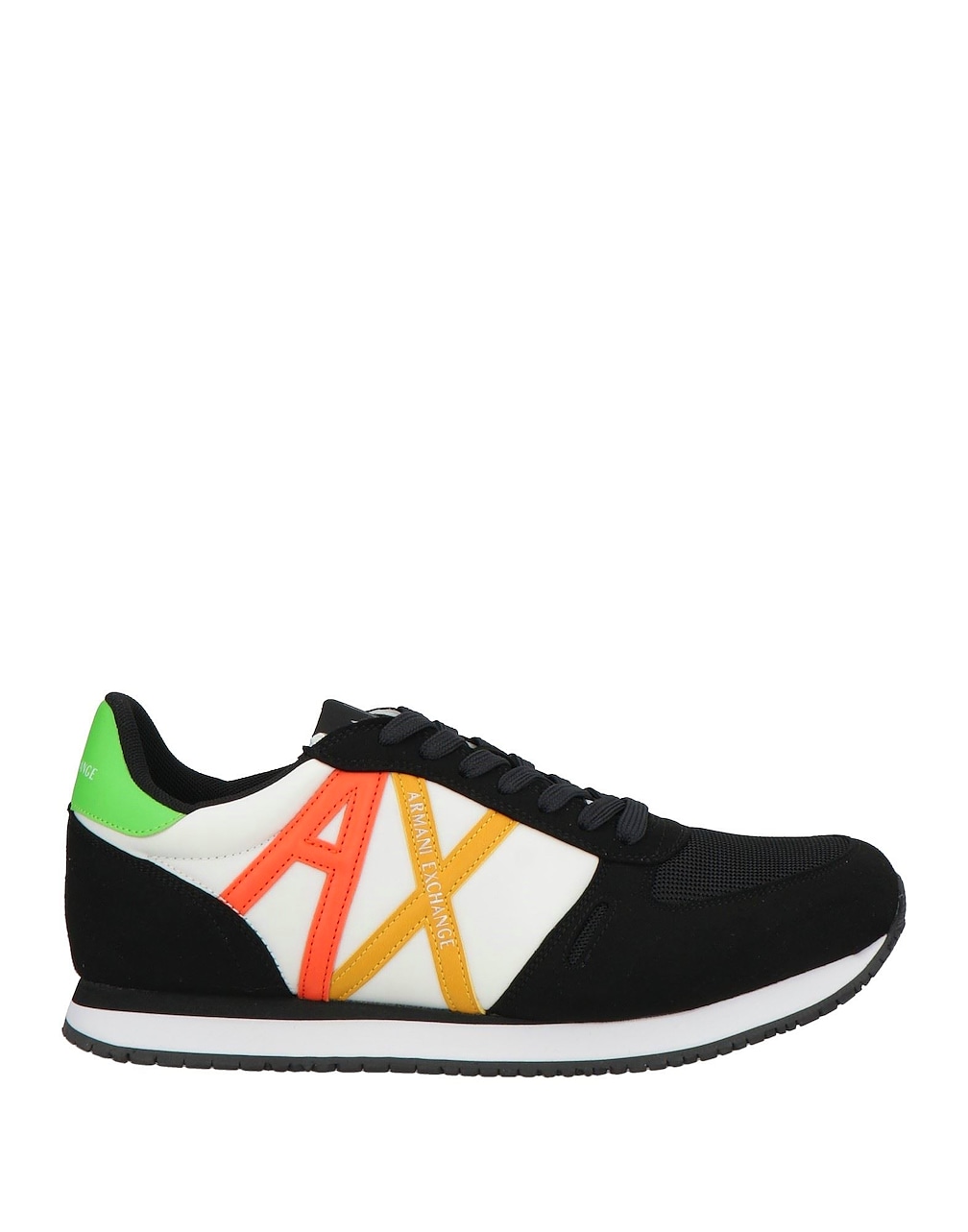 ARMANI EXCHANGE - Sneakers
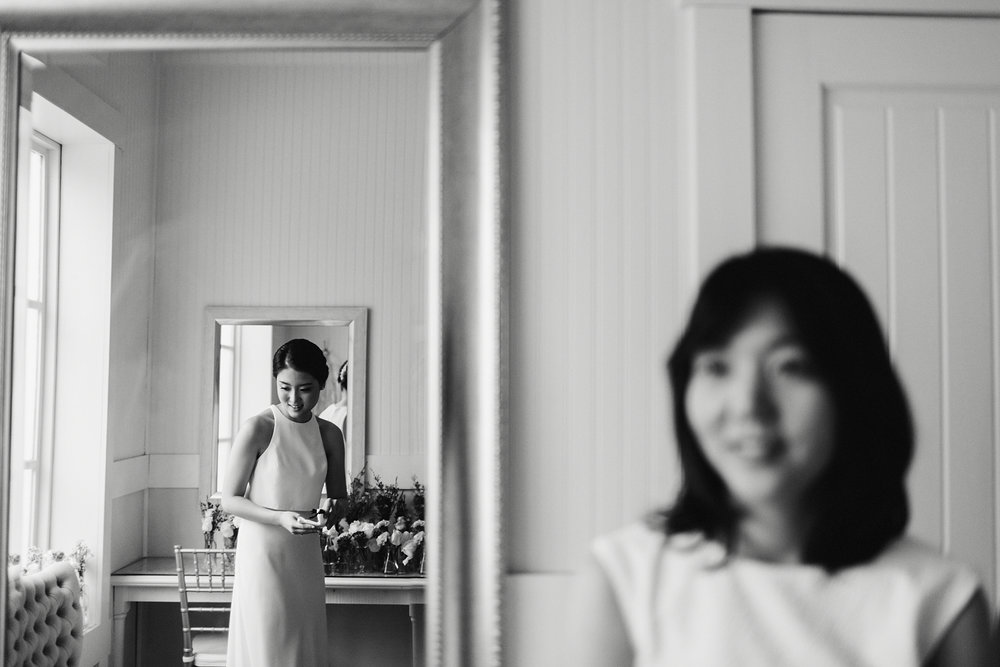 andrew+soo-64.jpg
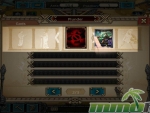 spartan-wars-click-2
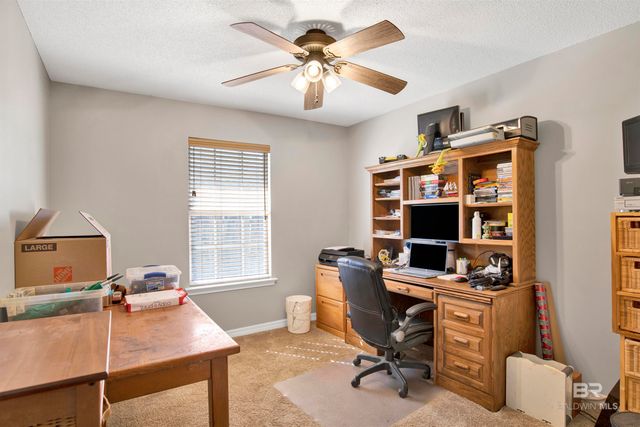 16582 Sugar Loop, Foley, AL 36535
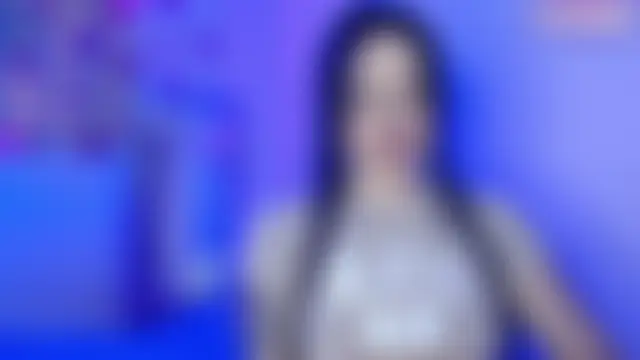 Seelenaa-2's Webcam Show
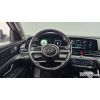 118786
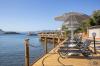 Yasmin Bodrum Resort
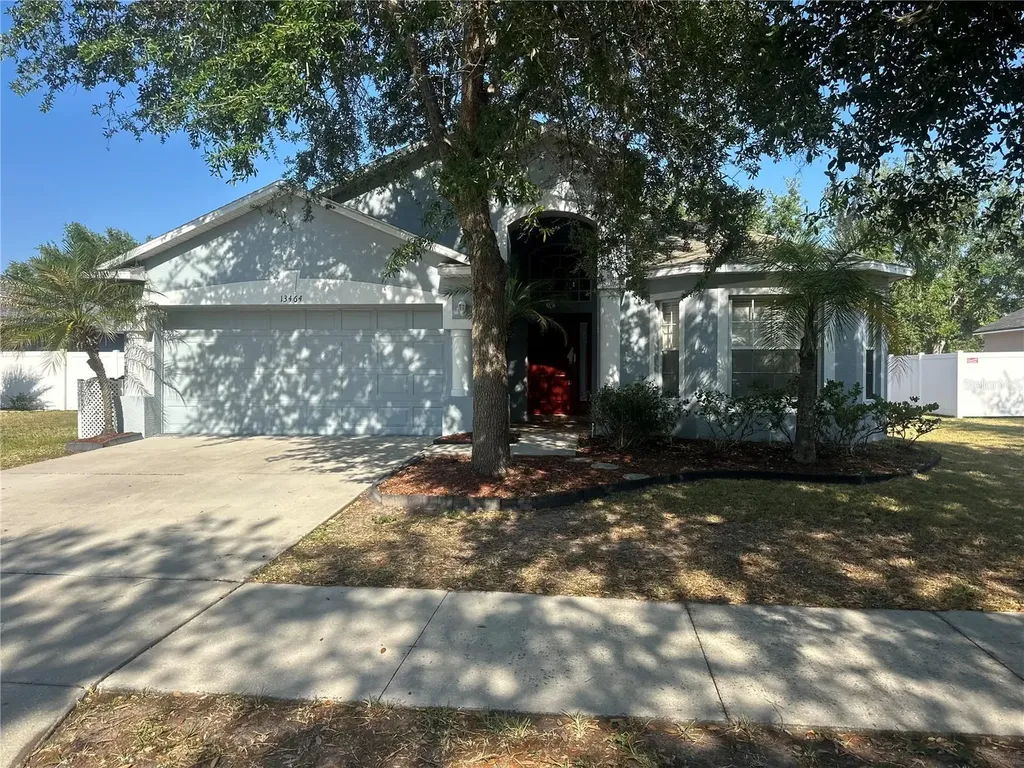 13464 Fladgate Mark Drive Riverview FL 33579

To do:
Starting at the line that contains "16582 Sugar Loop, Foley, AL 36535", extract each line through the last line of the material exactly as written, and include no pictures.

Exercise solution:
 16582 Sugar Loop, Foley, AL 36535
 Seelenaa-2's Webcam Show
 118786
 Yasmin Bodrum Resort
 13464 Fladgate Mark Drive Riverview FL 33579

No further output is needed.